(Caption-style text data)
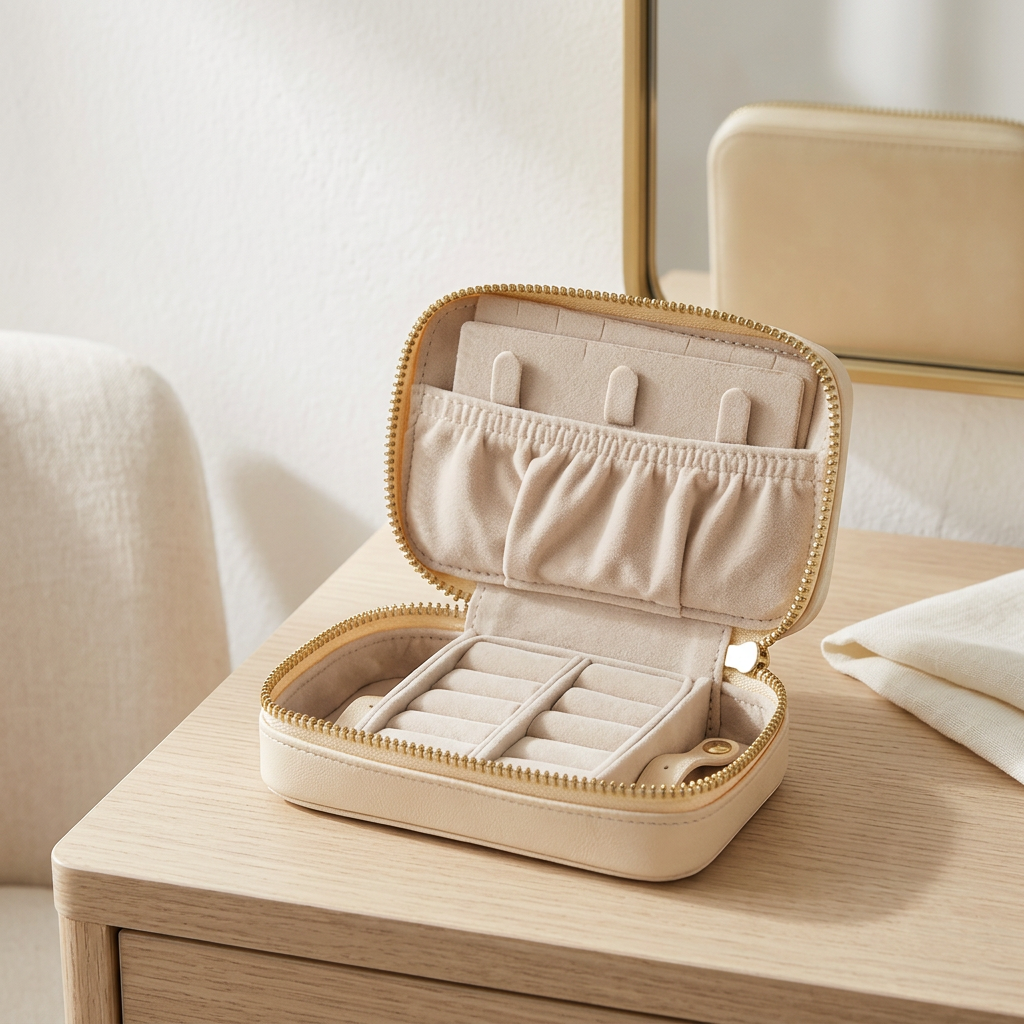 Small Travel Jewelry Case with 14 Necklace Hooks and 12 Ring Slots, Cream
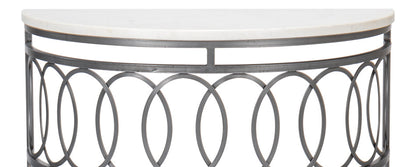 Olympia Demilune Table White Marble Top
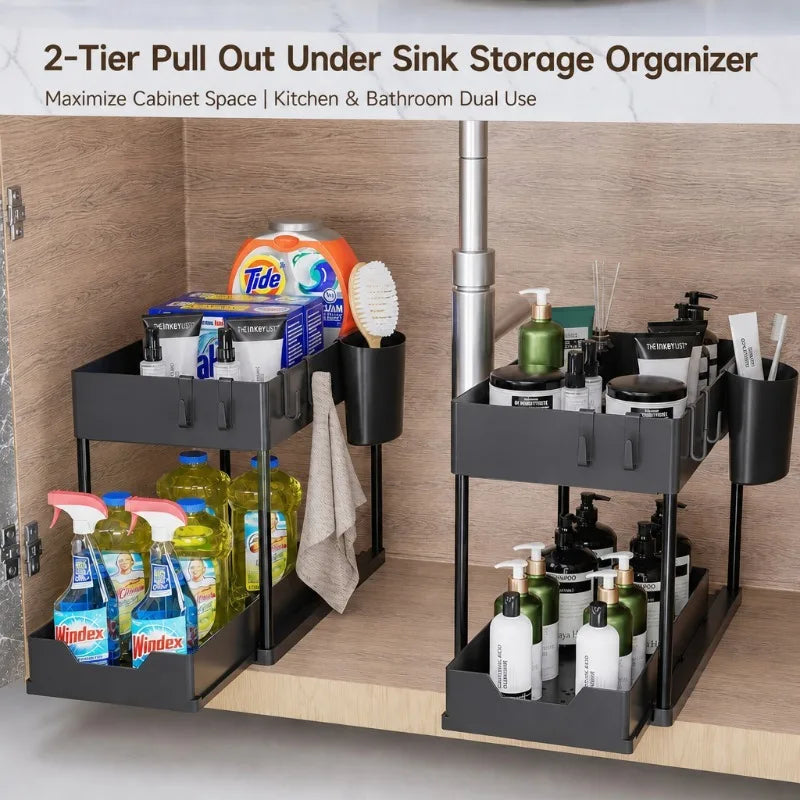 2-Tier Under Sink Organizer – Pull-Out Storage Rack with Hooks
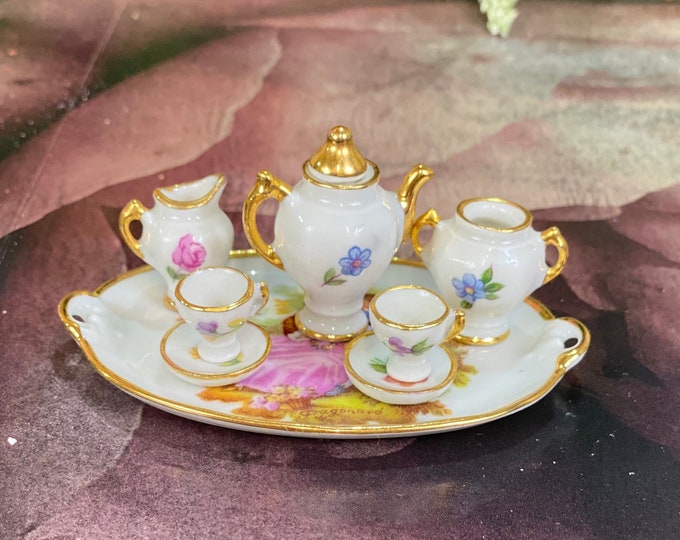Vintage Limoges Porcelain Miniature Tea Set Courting Couple Romantic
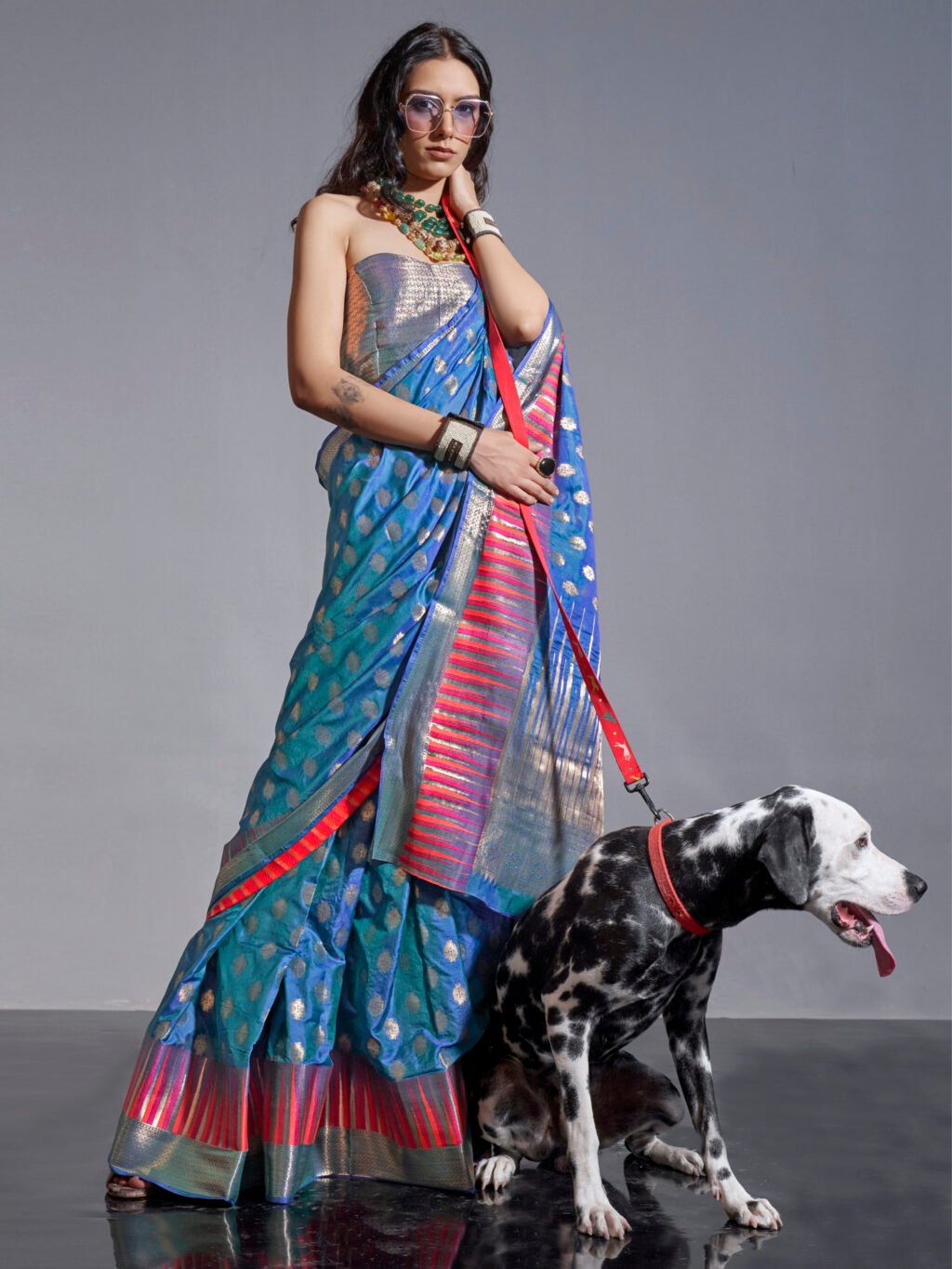 Image of Teal Blue Silk Saree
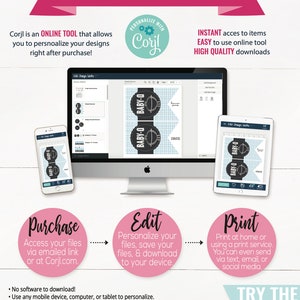 May include: A pink and white graphic showing how to use Corjl, an online tool to personalize designs. The graphic shows a computer and a phone with a design that says "Baby-O". The graphic also includes the text "Purchase", "Edit", and "Print" with descriptions of each step.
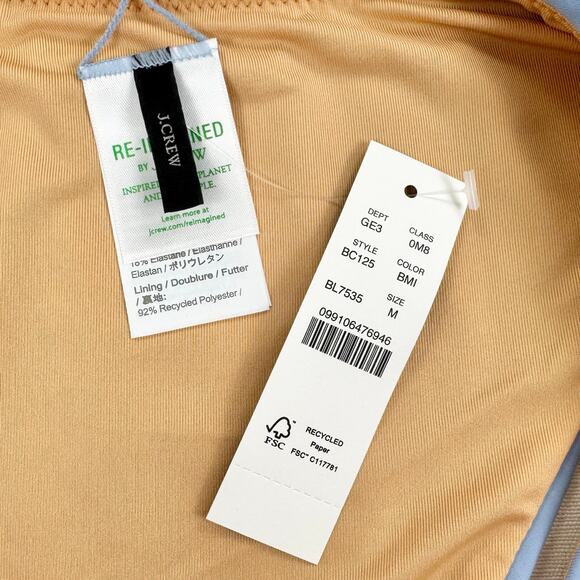 J Crew Women's Curved Waist Cheeky Bikini Bottom Medium Light Blue BC125 - Picture 3 of 10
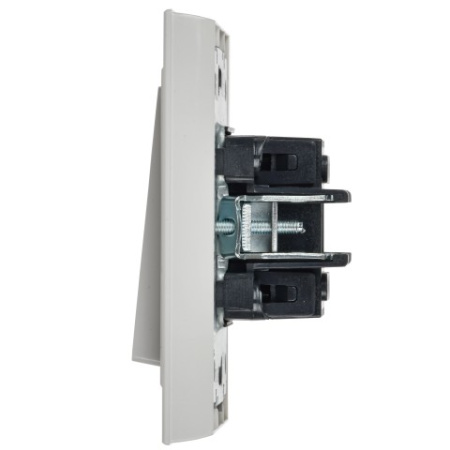 BRITE Выключатель 2-клавишный проходной 10А ВС10-2-6-БрБ белый IEK фото в интернет-магазине БелЭлектрикМонтаж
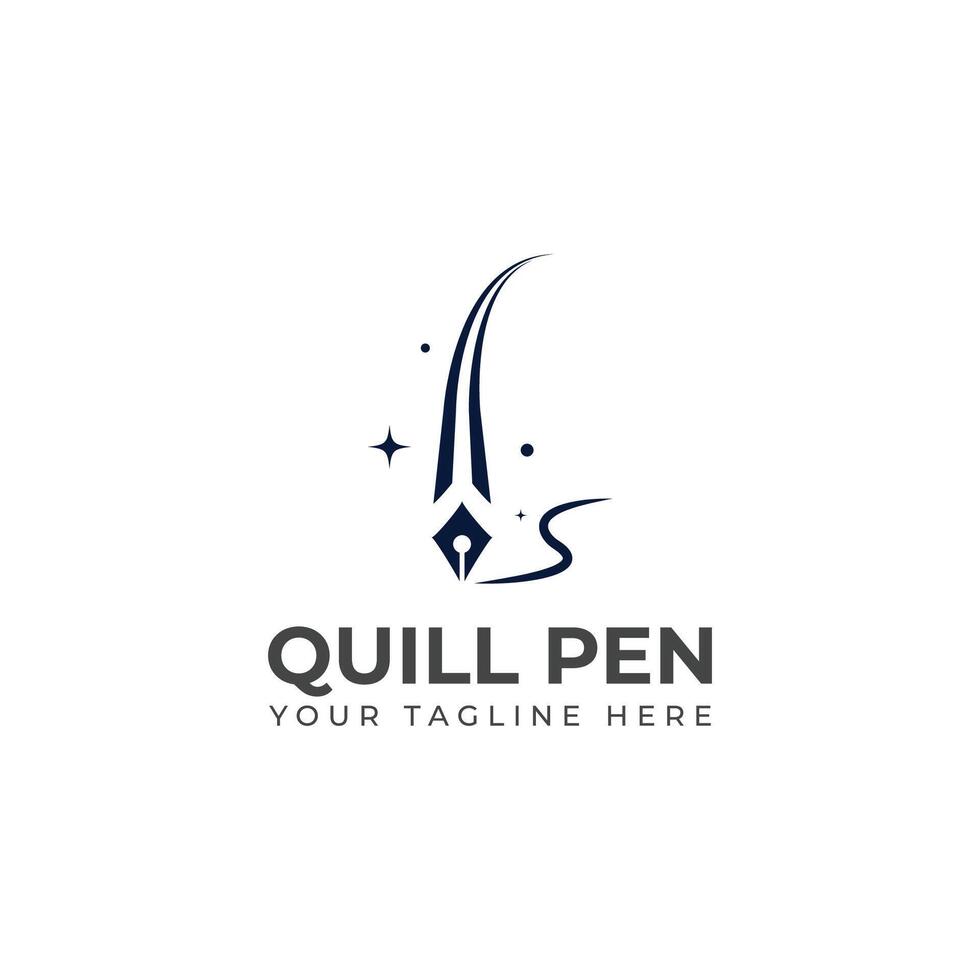 Quill pen logo design vector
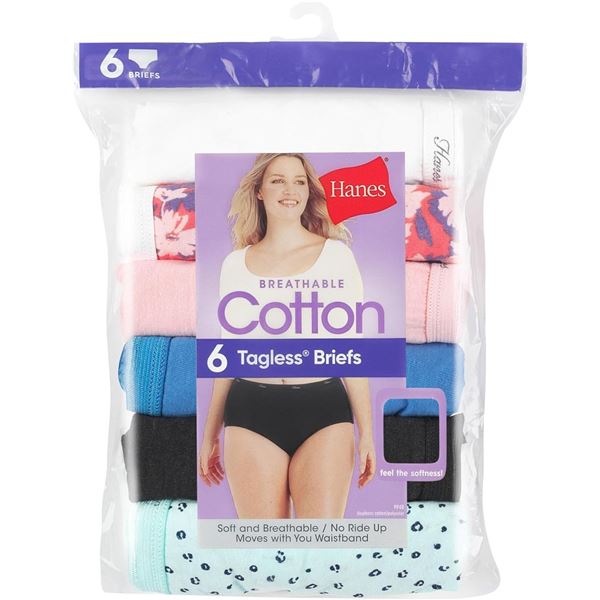 NEW 6 HANES TAGLESS BRIEFS LARGE WOMENS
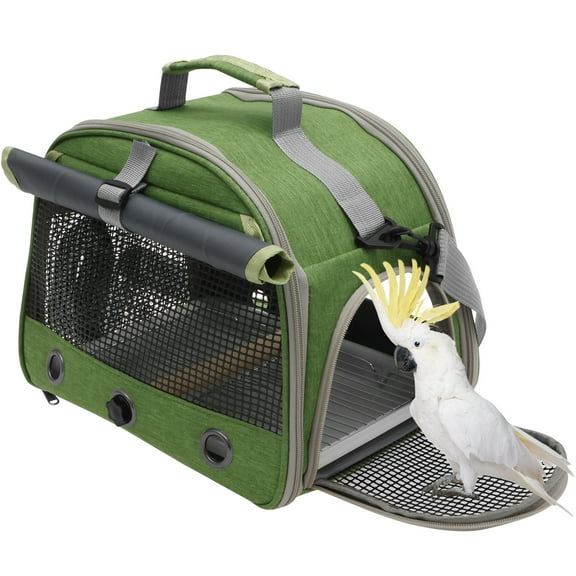 Bird Carrier Parrot Travel Cage with Tray and Breathable Clear Window Portable Bird Travel Carrier Double Zipper Clear Door for Outdoor Use​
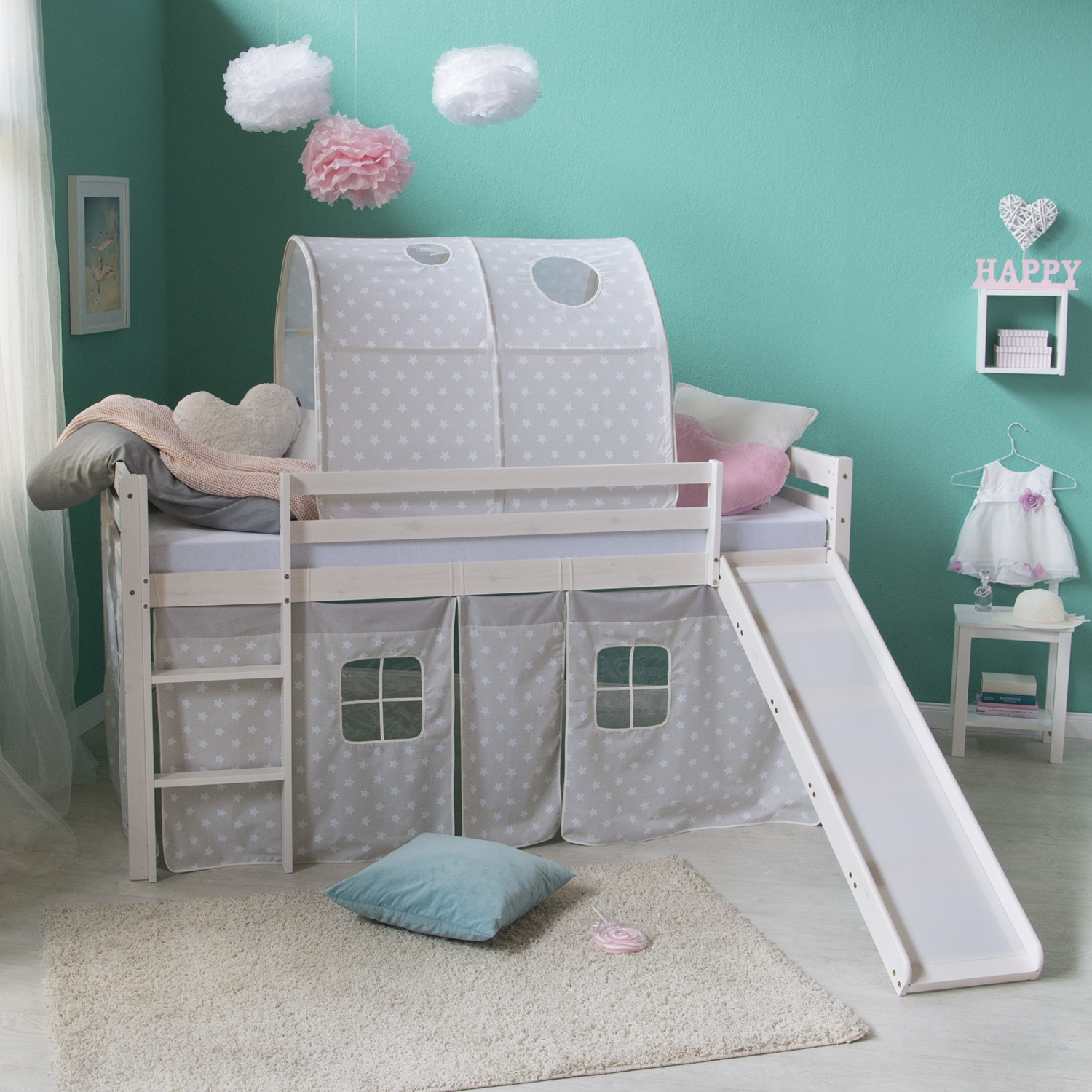 Loft Bed Kids 90x200 cm White with Curtain Stars | Tunnel | Slide | with Slatted Frame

- **What this task involves**: Every line from the one containing "Vintage Limoges Porcelain" to the final line of the records should be duplicated exactly; no picture is to be copied.

- **Exercise solution**:
Vintage Limoges Porcelain Miniature Tea Set Courting Couple Romantic
 Image of Teal Blue Silk Saree
 May include: A pink and white graphic showing how to use Corjl, an online tool to personalize designs. The graphic shows a computer and a phone with a design that says "Baby-O". The graphic also includes the text "Purchase", "Edit", and "Print" with descriptions of each step.
 J Crew Women's Curved Waist Cheeky Bikini Bottom Medium Light Blue BC125 - Picture 3 of 10
 BRITE Выключатель 2-клавишный проходной 10А ВС10-2-6-БрБ белый IEK фото в интернет-магазине БелЭлектрикМонтаж
 Quill pen logo design vector
 NEW 6 HANES TAGLESS BRIEFS LARGE WOMENS
 Bird Carrier Parrot Travel Cage with Tray and Breathable Clear Window Portable Bird Travel Carrier Double Zipper Clear Door for Outdoor Use​
 Loft Bed Kids 90x200 cm White with Curtain Stars | Tunnel | Slide | with Slatted Frame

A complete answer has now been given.